Monday, May 6, 2019

Corals — a new metaphor for phylogenetic diagrams


A year ago I mentioned a published discussion of the different branching diagrams that have been used for phylogenetic relationships (Tree metaphors and mathematical trees). If we consider the form of the relationship and whether time is involved, we get the following four possible diagram types:


Most current phylogenetic diagrams claim to show sister-group relationships (which means that ancestors are inferred only), with a time-order to the branching sequence. There is a broad range of diagram types in use, both mathematical and metaphorical. For example, the top four in this next diagram are mathematical and the bottom four are metaphorical variants of the above 2x2 table:


The connection between these different diagrams has both conceptual and practical problems, although these seem to be overlooked by most practitioners. This issue as been addressed by János Podani in a paper that is now online:
The Coral of Life. Evolutionary Biology (2019).
To quote from the Abstract:
The Tree of Life (ToL) has been of central importance in the biological sciences, usually understood as a model or a metaphor, and portrayed in various graphical forms to summarize the history of life as a single diagram. If it is seen as a mathematical construct — a rooted graph theoretical tree or, as more recently viewed, a directed network, the Network of Life (NoL) — then its proper visualization is not feasible, for both epistemological and technical reasons.

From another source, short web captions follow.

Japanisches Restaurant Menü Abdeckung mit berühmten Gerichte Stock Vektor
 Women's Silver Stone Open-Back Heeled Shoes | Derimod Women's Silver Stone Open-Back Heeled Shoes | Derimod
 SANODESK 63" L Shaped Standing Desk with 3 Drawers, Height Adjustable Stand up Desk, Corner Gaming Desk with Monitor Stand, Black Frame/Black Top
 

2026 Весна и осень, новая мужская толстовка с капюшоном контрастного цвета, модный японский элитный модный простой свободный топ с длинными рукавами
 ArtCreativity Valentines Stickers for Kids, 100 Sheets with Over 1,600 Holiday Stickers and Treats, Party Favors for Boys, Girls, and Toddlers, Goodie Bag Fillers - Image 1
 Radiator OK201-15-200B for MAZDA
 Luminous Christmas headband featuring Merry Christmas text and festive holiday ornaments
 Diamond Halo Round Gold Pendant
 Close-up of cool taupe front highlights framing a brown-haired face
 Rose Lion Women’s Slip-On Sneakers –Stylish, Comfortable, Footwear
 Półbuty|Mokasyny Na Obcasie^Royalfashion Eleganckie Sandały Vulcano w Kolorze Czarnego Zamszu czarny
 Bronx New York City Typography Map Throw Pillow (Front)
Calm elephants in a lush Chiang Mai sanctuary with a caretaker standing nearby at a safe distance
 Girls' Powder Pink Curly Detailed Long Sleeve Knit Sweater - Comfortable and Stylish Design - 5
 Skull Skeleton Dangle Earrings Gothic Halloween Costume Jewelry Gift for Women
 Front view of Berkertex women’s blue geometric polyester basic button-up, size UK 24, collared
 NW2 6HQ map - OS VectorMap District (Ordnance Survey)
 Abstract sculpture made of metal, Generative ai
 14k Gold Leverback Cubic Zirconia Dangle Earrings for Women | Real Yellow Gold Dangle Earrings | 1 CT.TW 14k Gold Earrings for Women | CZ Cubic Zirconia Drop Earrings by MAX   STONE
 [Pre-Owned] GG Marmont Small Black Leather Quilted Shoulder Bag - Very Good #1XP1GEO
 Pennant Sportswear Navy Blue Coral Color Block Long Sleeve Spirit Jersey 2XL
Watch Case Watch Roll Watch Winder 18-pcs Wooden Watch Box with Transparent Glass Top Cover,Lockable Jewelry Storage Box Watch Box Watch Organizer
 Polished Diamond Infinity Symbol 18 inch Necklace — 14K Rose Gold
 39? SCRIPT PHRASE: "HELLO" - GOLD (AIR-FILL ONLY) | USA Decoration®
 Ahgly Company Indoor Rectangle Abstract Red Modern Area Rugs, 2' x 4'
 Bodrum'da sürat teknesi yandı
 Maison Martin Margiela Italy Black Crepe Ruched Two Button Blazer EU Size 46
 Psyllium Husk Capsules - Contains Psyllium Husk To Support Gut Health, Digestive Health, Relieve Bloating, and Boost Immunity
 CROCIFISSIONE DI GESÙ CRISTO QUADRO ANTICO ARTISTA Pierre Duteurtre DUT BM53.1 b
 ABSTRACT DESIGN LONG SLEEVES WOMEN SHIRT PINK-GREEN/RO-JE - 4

As an overview included in this study demonstrates, published ToLs and NoLs are extremely diverse in appearance and content ... Metaphorical trees are even less useful for the purpose, because ramification is the only property of botanical trees that may be interpreted in an evolutionary or phylogenetic context. This paper argues that corals, as suggested by Darwin in his early notebooks, are superior to trees as metaphors, and may also be used as mathematical models. A coral diagram is useful for portraying past and present life because it is suitable: (1) to illustrate bifurcations and anastomoses, (2) to depict species richness of taxa proportionately, (3) to show chronology, extinct taxa and major evolutionary innovations, (4) to express taxonomic continuity, (5) to expand particulars due to its self-similarity, and (6) to accommodate a genealogy-based, rank-free classification.
It is worth checking out this paper, even if only for the new Coral of Life diagram that is presented in its Figure 3, which synthesizes much of our current knowledge.